TASK TO COMPLETE: The entries below need to be written out exactly, with no pictures included.

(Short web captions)
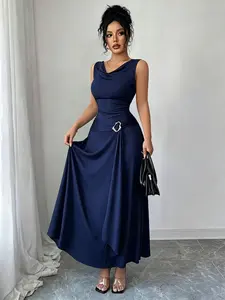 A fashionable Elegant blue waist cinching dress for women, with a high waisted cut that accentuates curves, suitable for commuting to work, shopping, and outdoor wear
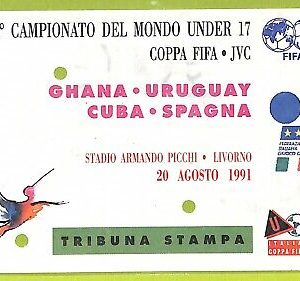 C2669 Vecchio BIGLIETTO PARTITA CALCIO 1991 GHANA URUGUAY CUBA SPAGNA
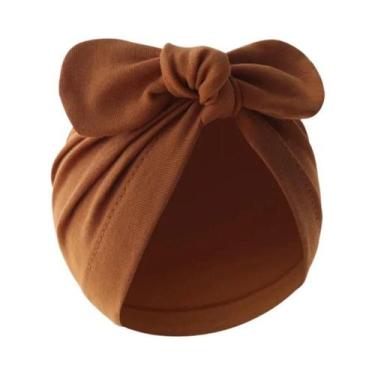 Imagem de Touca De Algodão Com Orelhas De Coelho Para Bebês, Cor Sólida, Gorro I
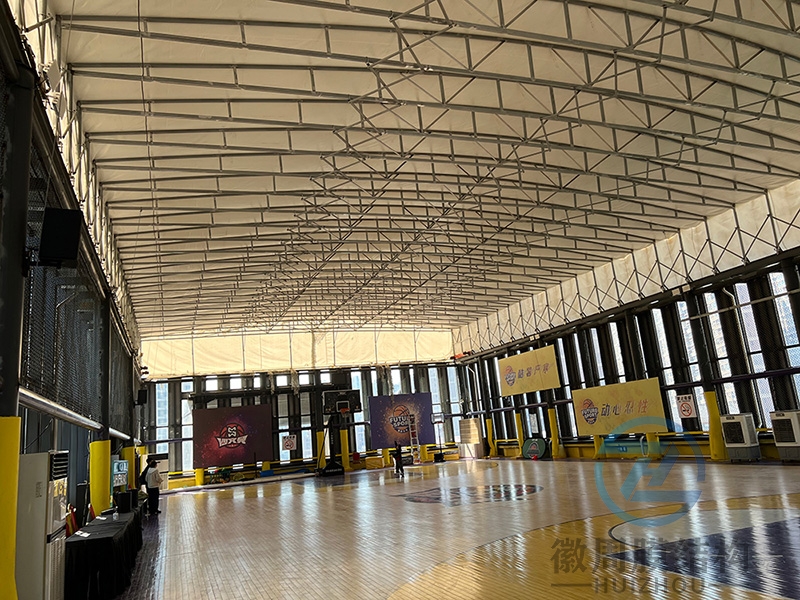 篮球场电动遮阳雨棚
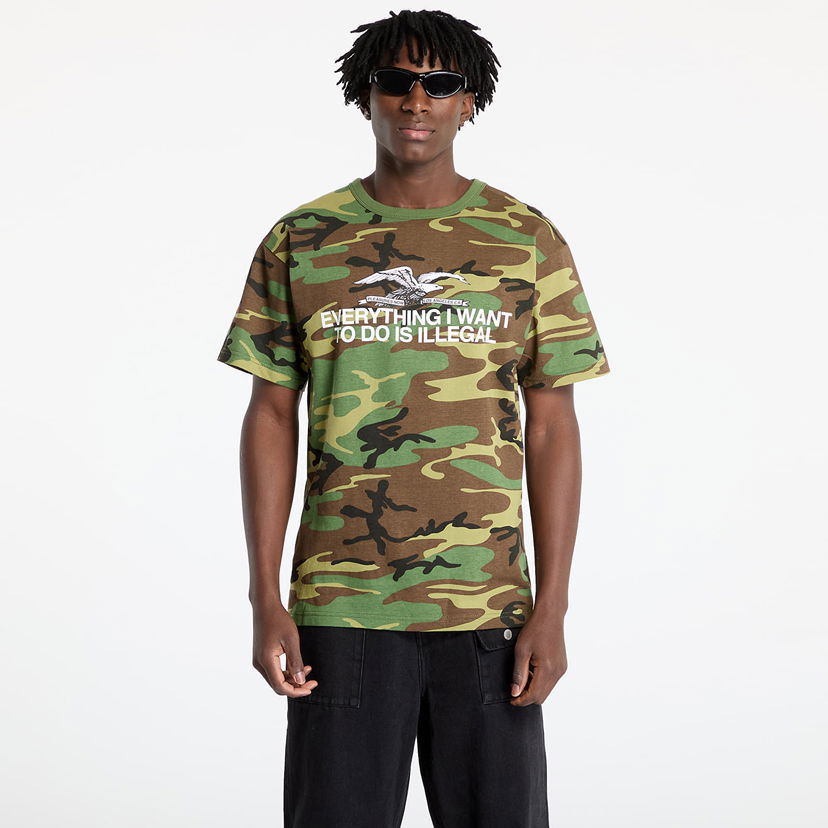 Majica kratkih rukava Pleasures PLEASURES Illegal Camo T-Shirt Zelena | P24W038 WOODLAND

TASK RESULT:
 A fashionable Elegant blue waist cinching dress for women, with a high waisted cut that accentuates curves, suitable for commuting to work, shopping, and outdoor wear
 C2669 Vecchio BIGLIETTO PARTITA CALCIO 1991 GHANA URUGUAY CUBA SPAGNA
 Imagem de Touca De Algodão Com Orelhas De Coelho Para Bebês, Cor Sólida, Gorro I
 篮球场电动遮阳雨棚
 Majica kratkih rukava Pleasures PLEASURES Illegal Camo T-Shirt Zelena | P24W038 WOODLAND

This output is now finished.